The Pennsylvania House passed, and sent to the Senate, legislation that would authorize inspectors to begin random testing of octane levels in gasoline.
Senator Stewart Greenleaf (R-Bucks/Montgomery) said the state Department of Agriculture’s Weight and Measures inspectors are required to check that gas pumps are correctly dispensing gas. He said Senate Bill 341 would task those same officials to also check octane levels in the gas.
Greenleaf said it is important for consumers to know when they buy gas that they’re getting what they pay for, and the measure will make suppliers more sensitive to checking the gas they sell.

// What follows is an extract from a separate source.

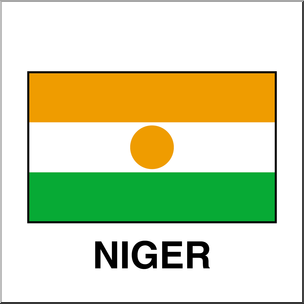 Clip Art: Flags: Niger Color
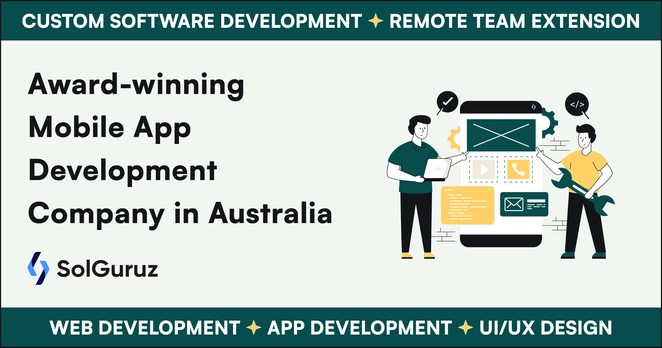 Custom Mobile App Development Company in Australia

“Right now there’s no regulation of it. There’s no one checking on it,” said Greenleaf. “So, as a result, there’s no incentive for the suppliers to be very particular in regard to the octane level.”
Greenleaf said only Pennsylvania, Alaska, and Nebraska don’t perform regular checks on octane levels.
In 2007, following an audit of retail gas pumps, PA Auditor General Jack Wagner recommended the state begin testing octane levels. Greenleaf said he’s was working on this legislation before then.
“It wasn’t given a priority before this. And so, I’m pleased that the House considered it and the Senate also considered it,” said Greenleaf. “And now all it has to do is come back to the Senate for concurrence.”
He said the House only amended the bill in minor ways and he expects it to pass when the Senate returns to session October 15th.